Dans la foulée de l’élection, les groupes privés de fans de Trump et de ses théories sur les fraudes ont poussé comme des champignons.  

Le 5 novembre, Facebook a supprimé un groupe public baptisé #StopTheSteal (« Stop au vol »), qui avait attiré quelque 350 000 membres en 48 heures.

Le réseau social a aussi eu massivement recours aux avertissements et notifications, adossées à un très grand nombre de messages du président et de ses soutiens, signalant que leurs affirmations étaient disputées.

Liste blanche

La plateforme s’appuie aussi sur son programme de « fact-checking » (vérification des faits) : une soixantaine de médias partenaires, dont l’AFP, déterminent si certaines informations sont fausses ou trompeuses, auquel cas leur circulation est freinée.

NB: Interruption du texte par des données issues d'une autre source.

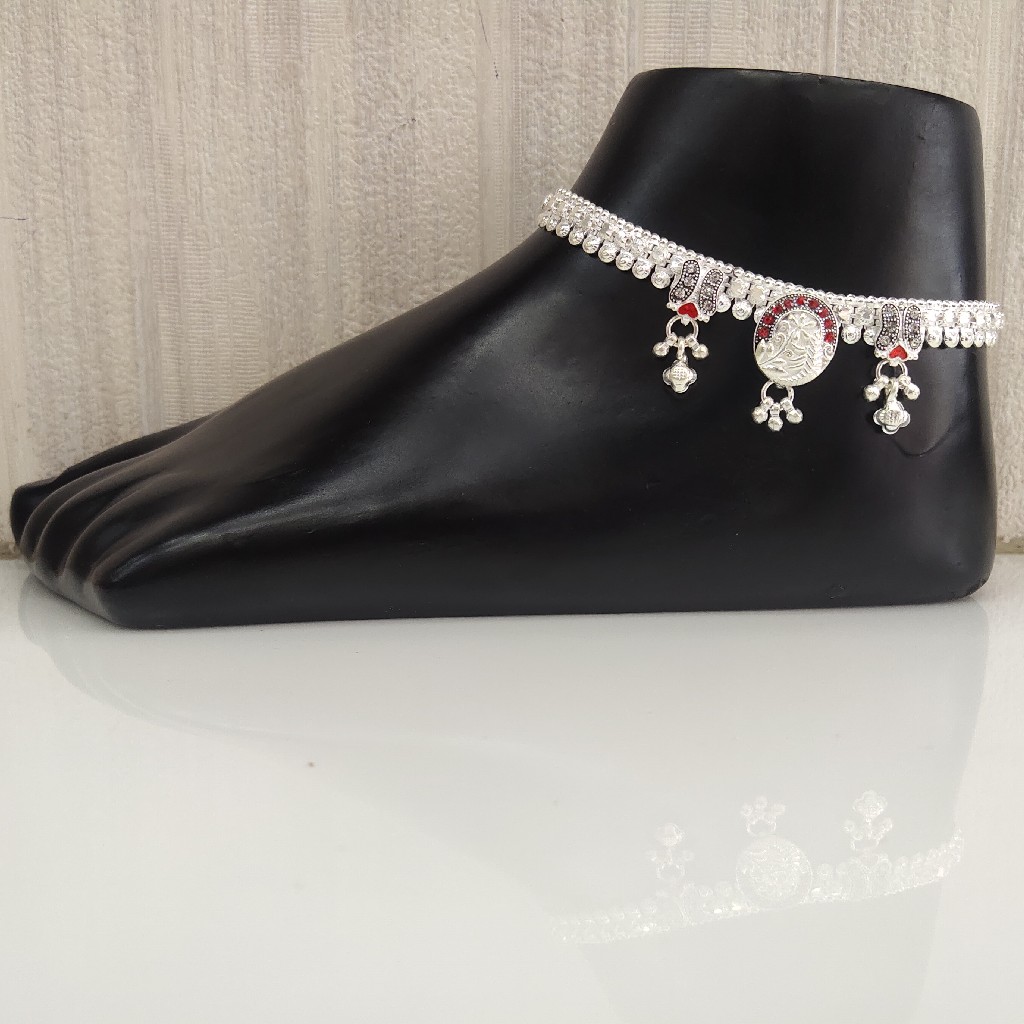 Silver Ladies Brooch Fancy Payal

Mais de nombreuses associations, élus et même des employés du groupe voudraient que les personnalités politiques n’en soient plus exemptées.

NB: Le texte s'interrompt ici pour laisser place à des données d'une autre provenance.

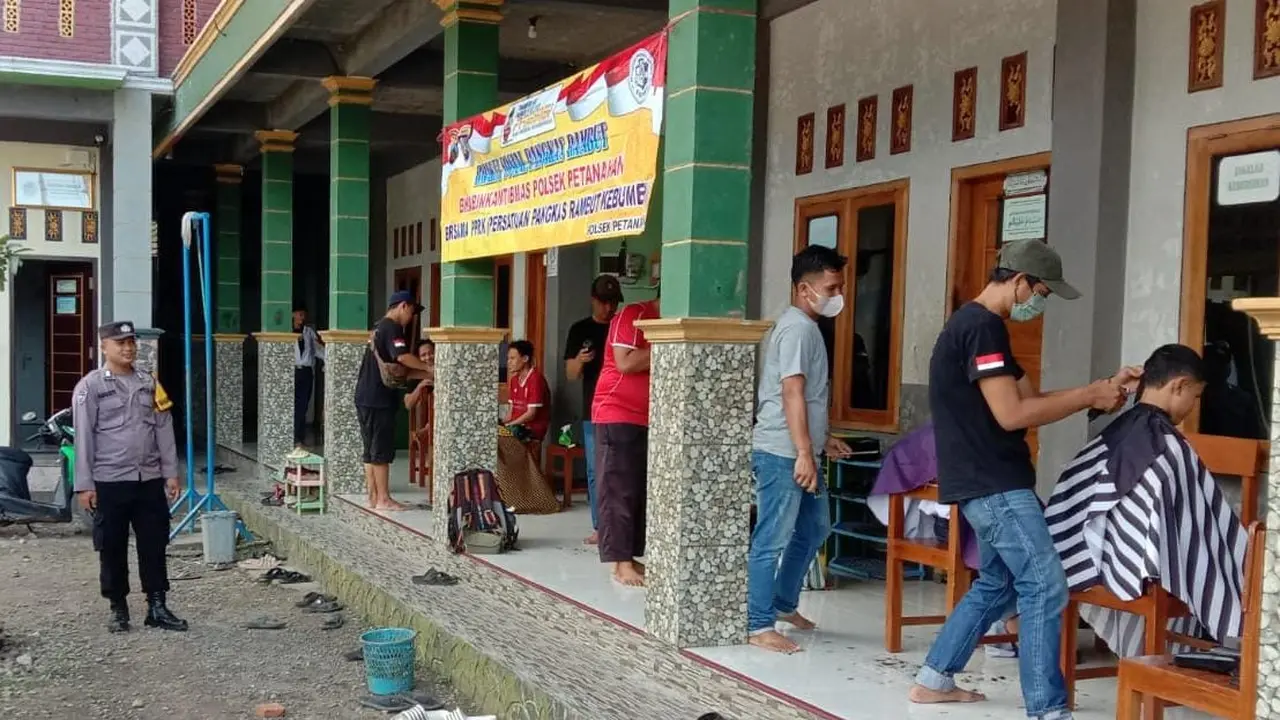 Pak Bhabin dan PPRK menggelar bakti sosial unik, yakni pangkas rambut di pesantren di Kebumen. (Foto: Liputan6.com/Humas Polres Kebumen)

Selon un article de The Information paru mardi, Facebook a créé en 2018 une liste d’environ 112 000 comptes appartenant à des responsables gouvernementaux et des candidats dont les publications ne doivent pas être vérifiées.  

The Information ne sait pas si elle est toujours d’actualité, mais raconte que des employés ont tenté de la faire abolir à l’été 2019. Ils fondaient leur argumentation sur une étude interne montrant que les utilisateurs étaient plus susceptibles de croire à une fausse information si elle venait d’un homme ou d’une femme politique.

Mais selon Facebook, l’étude en question a au contraire permis d’affiner son approche, qui consiste à épingler les publications des politiciens si elles contiennent des informations invalidées par des journalistes du programme.

Plusieurs médias ont ainsi invalidé l’interprétation selon laquelle une vidéo amateur montrant des agents électoraux et des bulletins envoyés par correspondance à Los Angeles prouvait une fraude.  

Quand Donald Trump l’a relayée, le même message d’avertissement s’est affiché par-dessus, comme pour n’importe quel autre utilisateur.

Mais d’une façon générale, « nous ne croyons pas qu’il soit approprié pour nous d’empêcher la parole des politiques d’être soumise à l’examen du public », a rappelé Joe Osborne, un porte-parole de la plateforme.